The English guidelines for the annotation scheme are available at guidelines/Hebrew_Coreference_Guidelines_English.pdf.

Citation

If you use this repository, please cite the following paper:

@inproceedings{greenfeld-tsarfaty-2026-beyond,
    title = "Beyond Word Boundaries: A {H}ebrew Coreference Benchmark and an Evaluation Protocol for Morphologically Complex Text",
    author = "Greenfeld, Refael Shaked  and
      Tsarfaty, Reut",
    editor = "Liakata, Maria  and
      Moreira, Viviane P.  and
      Zhang, Jiajun  and
      Jurgens, David",
    booktitle = "Proceedings of the 64th Annual Meeting of the {A}ssociation for {C}omputational {L}inguistics (Volume 1: Long Papers)",
    month = jul,
    year = "2026",
    address = "San Diego, California, United States",
    publisher = "Association for Computational Linguistics",
    url = "https://aclanthology.org/2026.acl-long.488/",
    doi = "10.18653/v1/2026.acl-long.488",
    pages = "10669--10683",
    ISBN = "979-8-89176-390-6",
    abstract = "Coreference Resolution (CR) is a fundamental NLP task critical for long-form tasks as information extraction, summarization, and many business applications.
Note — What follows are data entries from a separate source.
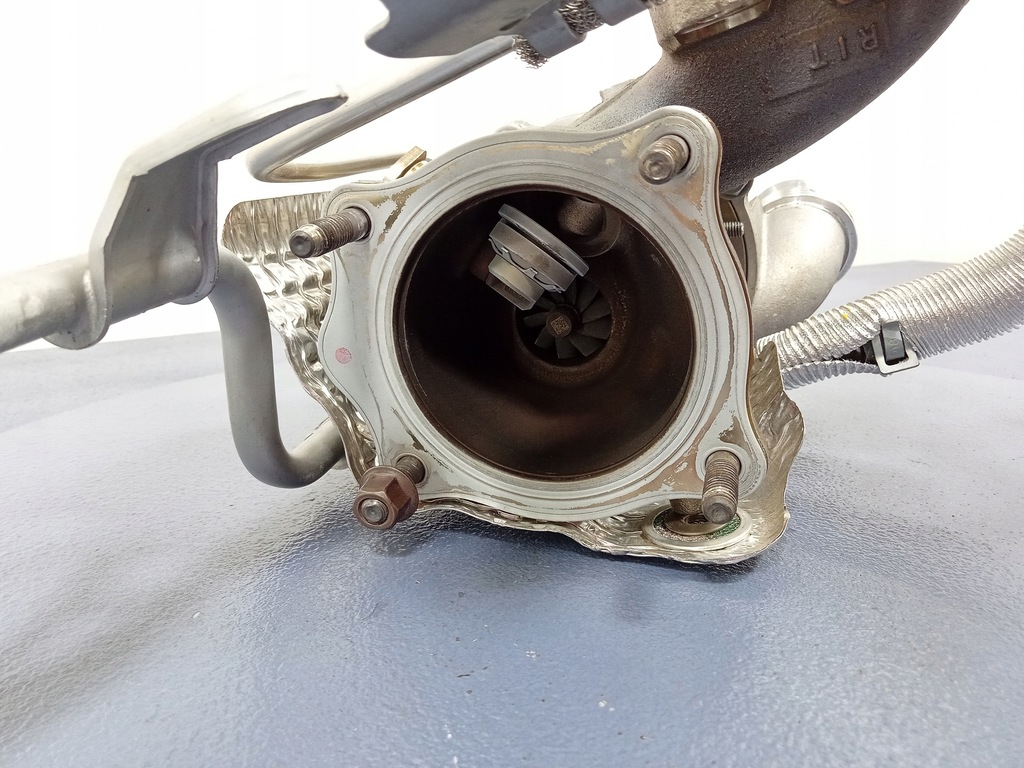 фото №5, Tucson iv 1.6 t-gdi турбонагнітач 28231-2m820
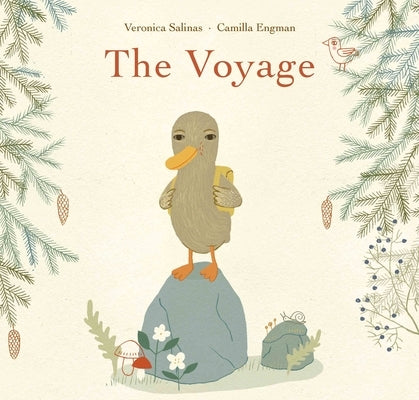 The Voyage by Salinas, Veronica
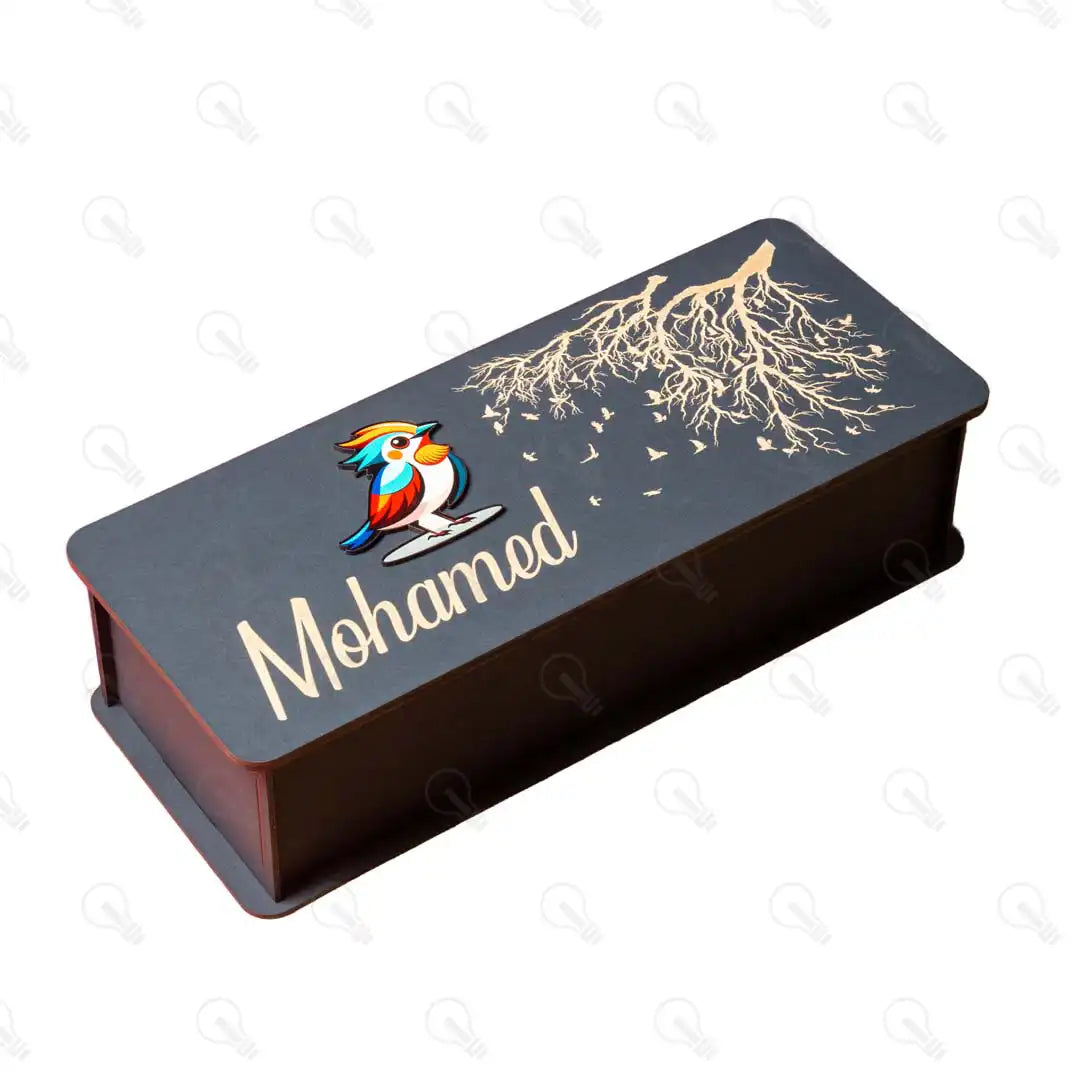 بوكس مج حراري ديجيتال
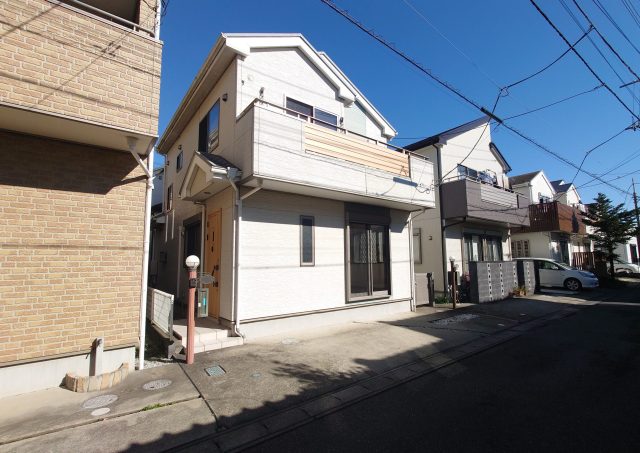 【購入】柏市東中新宿３丁目（小林）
However, CR methods originally designed for English struggle with Morphologically Rich Languages (MRLs), where mention boundaries do not necessarily align with word boundaries, and a single token may consist of multiple anaphors. CR modeling and evaluation protocols standardly assume that, as in English, words and mentions mostly align. However, this assumption breaks down in MRLs, particularly in the context of LLMs' raw-text processing and end-to-end tasks. To assess and address this challenge, we introduce KibutzR, the first comprehensive CR dataset for Modern Hebrew, an MRL rich with complex words and pronominal clitics. We deliver an annotated dataset that identifies mentions at word, sub-word and multi-word levels, and propose an evaluation protocol that directly addresses word/morpheme boundary discrepancies. Our experiments show that contemporary LLMs perform significantly worse on Hebrew than on English, and that performance degrades on raw unsegmented text. Crucially, we show an inverse performance-trend in Hebrew relative to English, where smaller encoders perform far better than contemporary decoder models, leaving ample space for investigation and improvement. We deliver a new benchmark for Hebrew coreference resolution and a segmentation-aware evaluation protocol to inform future work on other MRLs."